What to work on: Make an exact copy of all the records.

(Source data)
========

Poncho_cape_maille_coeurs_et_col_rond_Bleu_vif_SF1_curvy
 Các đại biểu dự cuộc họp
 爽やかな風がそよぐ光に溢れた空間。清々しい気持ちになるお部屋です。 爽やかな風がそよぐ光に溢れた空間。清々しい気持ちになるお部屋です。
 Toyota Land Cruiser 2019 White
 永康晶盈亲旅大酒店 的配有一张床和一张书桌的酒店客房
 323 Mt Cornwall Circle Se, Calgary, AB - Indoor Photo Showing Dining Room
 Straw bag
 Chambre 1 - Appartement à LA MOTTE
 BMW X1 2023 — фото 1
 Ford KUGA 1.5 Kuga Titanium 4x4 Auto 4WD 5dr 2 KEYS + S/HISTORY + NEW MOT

========

Exercise result:
Poncho_cape_maille_coeurs_et_col_rond_Bleu_vif_SF1_curvy
 Các đại biểu dự cuộc họp
 爽やかな風がそよぐ光に溢れた空間。清々しい気持ちになるお部屋です。 爽やかな風がそよぐ光に溢れた空間。清々しい気持ちになるお部屋です。
 Toyota Land Cruiser 2019 White
 永康晶盈亲旅大酒店 的配有一张床和一张书桌的酒店客房
 323 Mt Cornwall Circle Se, Calgary, AB - Indoor Photo Showing Dining Room
 Straw bag
 Chambre 1 - Appartement à LA MOTTE
 BMW X1 2023 — фото 1
 Ford KUGA 1.5 Kuga Titanium 4x4 Auto 4WD 5dr 2 KEYS + S/HISTORY + NEW MOT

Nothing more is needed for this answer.